Barack Obama scende in campo per i diritti dei gay, come si era impegnato a fare all’insediamento per il secondo mandato: la sua amministrazione ha avanzato una richiesta formale alla Corte suprema per l’abolizione di una legge federale del 1996 che definisce il matrimonio come l’unione tra un uomo e una donna.
La sollecitazione, fatta in vista dell’esame del Defense of Marriage Act (Doma) da parte dei nove giudici in programma il 26 e 27 marzo, rappresenta la prima volta in cui un presidente americano si schiera a favore dei diritti degli omosessuali davanti alla Corte suprema. Nel documento della Casa Bianca si sostiene che il Defense of Marriage Act “viola la garanzia fondamentale dell’uguaglianza davanti alla legge” e impedisce a “decine di migliaia di coppie omosessuali, legalmente sposate nei loro Stati, di godere degli stessi vantaggi federali delle coppie eterosessuali”. Le nozze tra persone dello stesso sesso sono legali in nove stati americani su 50 oltre e nella capitale Washington. La Corte suprema dovrà pronunciarsi sul ricorso di Edith Windsor, una lesbica che si era sposata in Canada nel 2007 con quella che era la sua compagna da più di 40 anni, che poi è morta. In base al Doma non è considerata sposata e per questo le è stato chiesto di pagare 360.000 dollari di tasse di successione.
La questione negli Stati Uniti ha anche creato un piccolo incidente “diplomatico” perché Laura Bush – che compativa in un spot con Obama, l’ex vicepresidente repubblicano Dick Cheney e e l’ex segretario di Stato Colin Powell, non vuole essere parte della campagna a favore delle unioni gay. L’ex First Lady ha chiesto che uno stralcio di una vecchia intervista a Larry King in cui lei dice che “quando due persone hanno preso un impegno reciproco, si amano, devono avere gli stessi diritti di tutti gli altri” sia rimosso dallo spot realizzato dalla Respect for Marriage Coalition, un’organizzazione a favore dei matrimoni tra persone dello stesso sesso.

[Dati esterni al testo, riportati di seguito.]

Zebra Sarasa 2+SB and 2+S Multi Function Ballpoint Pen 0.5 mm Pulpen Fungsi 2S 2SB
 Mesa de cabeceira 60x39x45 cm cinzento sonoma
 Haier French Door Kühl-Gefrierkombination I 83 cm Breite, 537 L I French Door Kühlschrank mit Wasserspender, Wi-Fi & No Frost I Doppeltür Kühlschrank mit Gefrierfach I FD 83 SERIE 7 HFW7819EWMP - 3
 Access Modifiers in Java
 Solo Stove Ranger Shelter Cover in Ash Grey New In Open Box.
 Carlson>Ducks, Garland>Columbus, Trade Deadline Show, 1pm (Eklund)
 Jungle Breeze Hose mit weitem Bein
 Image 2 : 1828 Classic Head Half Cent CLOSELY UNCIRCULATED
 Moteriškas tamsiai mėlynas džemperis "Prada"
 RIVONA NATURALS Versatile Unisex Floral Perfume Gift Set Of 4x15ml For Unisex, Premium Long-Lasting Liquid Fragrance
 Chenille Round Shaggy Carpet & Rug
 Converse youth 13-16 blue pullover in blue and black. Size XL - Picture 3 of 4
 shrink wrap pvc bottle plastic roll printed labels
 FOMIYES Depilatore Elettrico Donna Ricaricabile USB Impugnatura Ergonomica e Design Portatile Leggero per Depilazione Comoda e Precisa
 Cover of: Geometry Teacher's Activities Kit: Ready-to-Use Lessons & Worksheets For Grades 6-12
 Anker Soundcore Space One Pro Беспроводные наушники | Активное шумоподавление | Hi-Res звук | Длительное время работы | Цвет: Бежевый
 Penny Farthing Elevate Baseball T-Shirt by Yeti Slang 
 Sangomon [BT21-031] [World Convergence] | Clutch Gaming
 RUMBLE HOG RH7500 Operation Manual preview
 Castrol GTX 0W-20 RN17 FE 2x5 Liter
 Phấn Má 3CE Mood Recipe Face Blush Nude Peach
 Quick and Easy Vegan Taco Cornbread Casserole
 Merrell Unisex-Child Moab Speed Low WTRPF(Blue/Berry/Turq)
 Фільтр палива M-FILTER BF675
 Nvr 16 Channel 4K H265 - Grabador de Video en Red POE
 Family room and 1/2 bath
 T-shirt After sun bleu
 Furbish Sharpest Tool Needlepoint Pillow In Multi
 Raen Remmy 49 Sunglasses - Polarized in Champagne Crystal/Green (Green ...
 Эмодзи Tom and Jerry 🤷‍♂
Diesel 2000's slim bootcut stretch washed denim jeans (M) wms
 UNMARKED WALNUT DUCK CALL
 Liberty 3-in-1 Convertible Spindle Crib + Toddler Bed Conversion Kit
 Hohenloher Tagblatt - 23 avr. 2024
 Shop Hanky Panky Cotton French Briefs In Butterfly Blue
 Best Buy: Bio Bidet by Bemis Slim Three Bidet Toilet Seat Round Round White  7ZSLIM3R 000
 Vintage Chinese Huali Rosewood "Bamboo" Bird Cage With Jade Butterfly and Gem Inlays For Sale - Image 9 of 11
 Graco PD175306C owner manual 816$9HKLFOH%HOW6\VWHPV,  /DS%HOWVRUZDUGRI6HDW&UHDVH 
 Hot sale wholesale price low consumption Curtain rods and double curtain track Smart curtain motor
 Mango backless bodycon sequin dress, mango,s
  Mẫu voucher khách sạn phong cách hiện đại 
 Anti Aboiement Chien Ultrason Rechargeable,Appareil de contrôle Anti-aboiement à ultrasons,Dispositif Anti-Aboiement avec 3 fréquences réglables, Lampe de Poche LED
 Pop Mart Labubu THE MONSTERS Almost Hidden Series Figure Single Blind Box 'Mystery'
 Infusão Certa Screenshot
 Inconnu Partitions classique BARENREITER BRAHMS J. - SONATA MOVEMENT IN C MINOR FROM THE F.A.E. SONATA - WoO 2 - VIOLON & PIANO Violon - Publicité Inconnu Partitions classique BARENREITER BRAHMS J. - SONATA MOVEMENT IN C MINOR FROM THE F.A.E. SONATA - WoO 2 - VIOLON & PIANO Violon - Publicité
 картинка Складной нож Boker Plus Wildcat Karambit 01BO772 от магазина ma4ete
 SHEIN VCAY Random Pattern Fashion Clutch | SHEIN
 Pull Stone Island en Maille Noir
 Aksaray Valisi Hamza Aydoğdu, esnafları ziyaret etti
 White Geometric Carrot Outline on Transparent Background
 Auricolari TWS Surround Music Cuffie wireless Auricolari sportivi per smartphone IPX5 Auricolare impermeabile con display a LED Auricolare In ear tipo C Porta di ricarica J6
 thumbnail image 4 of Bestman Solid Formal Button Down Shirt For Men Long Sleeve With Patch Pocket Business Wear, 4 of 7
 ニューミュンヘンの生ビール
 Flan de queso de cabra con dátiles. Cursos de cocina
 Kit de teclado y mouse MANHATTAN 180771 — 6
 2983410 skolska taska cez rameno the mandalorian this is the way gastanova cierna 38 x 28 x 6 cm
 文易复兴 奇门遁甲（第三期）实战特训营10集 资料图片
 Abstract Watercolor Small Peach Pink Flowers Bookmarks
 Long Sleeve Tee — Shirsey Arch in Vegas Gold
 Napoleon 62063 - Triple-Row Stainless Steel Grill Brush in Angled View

Secondo il portavoce della Bush, l’organizzazione non avrebbe chiesto il permesso per usare il filmato realizzato nel 2010. La campagna è costata oltre un milione di dollari ed è stata lanciata questa settimana su tutti i mezzi di informazione. Lo scopo del video era quello di spiegare come il tema dell’allargamento dei diritti non sia una questione che riguarda soprattutto i democratici, ma anche i repubblicani.